Le parallèle avec Tesla vient surtout de la sobriété énergétique. Sur ce terrain, Audi envoie un message clair : il est possible d’aller chercher une excellente efficience sans forcément gonfler la batterie.
Mais il faut rester rigoureux :
- la Tesla Model 3 demeure une référence en efficience réelle et en écosystème de recharge
- l’A2 joue dans une catégorie plus compacte
- son autonomie WLTP élevée repose aussi sur un important travail d’optimisation, mais sans rupture d’architecture
La vraie confrontation ne se limite donc pas à une ligne de fiche technique. Elle se jouera sur :
- la consommation réelle sur autoroute
- la courbe de recharge
- les prix transactionnels
- l’équipement de série
- la valeur résiduelle
📌 Conseil d’expert
Sur ce type de lancement, il faudra attendre les premiers essais instrumentés avant de tirer des conclusions définitives. 649 km WLTP, c’est une promesse solide sur le papier ; la question centrale est de savoir combien l’A2 consommera à 130 km/h par temps froid ou chargé.
Ce que dit vraiment cette A2 e-tron de la stratégie Audi
L’A2 e-tron est sans doute moins révolutionnaire que son ancêtre, mais probablement beaucoup plus cohérente commercialement.

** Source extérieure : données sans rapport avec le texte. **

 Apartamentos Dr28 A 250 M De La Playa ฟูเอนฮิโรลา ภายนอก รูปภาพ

Audi ne cherche plus à faire une démonstration technologique coûteuse comme au tournant des années 2000. La marque applique une recette plus pragmatique :
- base technique mutualisée
- efficience fortement travaillée
- design distinctif
- positionnement premium mais plus accessible que ses grands SUV électriques
C’est aussi un modèle stratégique, car il devient en pratique la porte d’entrée électrique dans l’univers Audi, au moment où les petites thermiques de la marque se retirent progressivement du paysage.

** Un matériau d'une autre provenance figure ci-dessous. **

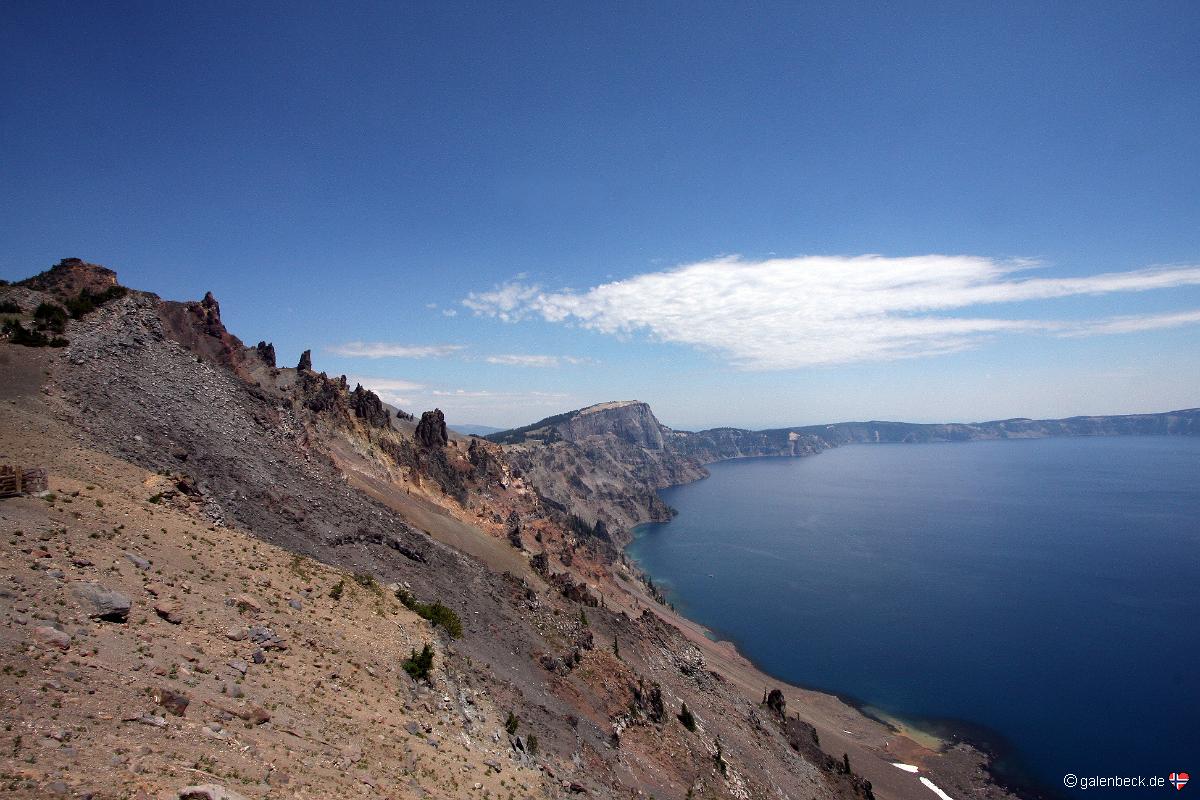 Crater Lake National Park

Ce qu’il faut retenir de l’Audi A2 e-tron
- Retour d’un nom emblématique, mais sur une compacte électrique très différente de l’originale
- Jusqu’à 649 km WLTP avec la version 231 ch et batterie 84 kWh
- Consommation minimale annoncée de 12,8 kWh/100 km
- Recharge rapide jusqu’à 183 kW, en architecture 400 V
- Tarif d’accès à 38 600 € en France
- Base technique très proche des Volkswagen ID.3 Neo et Cupra Born
- Vrai travail d’efficience, mais écart limité face à ses cousines
- Une proposition intéressante pour ceux qui veulent une compacte électrique premium, sobre et non SUV
L’Audi A2 e-tron n’est peut-être pas la révolution que son nom pouvait laisser espérer, mais elle pourrait bien être l’une des Audi électriques les plus intelligentes de ces dernières années.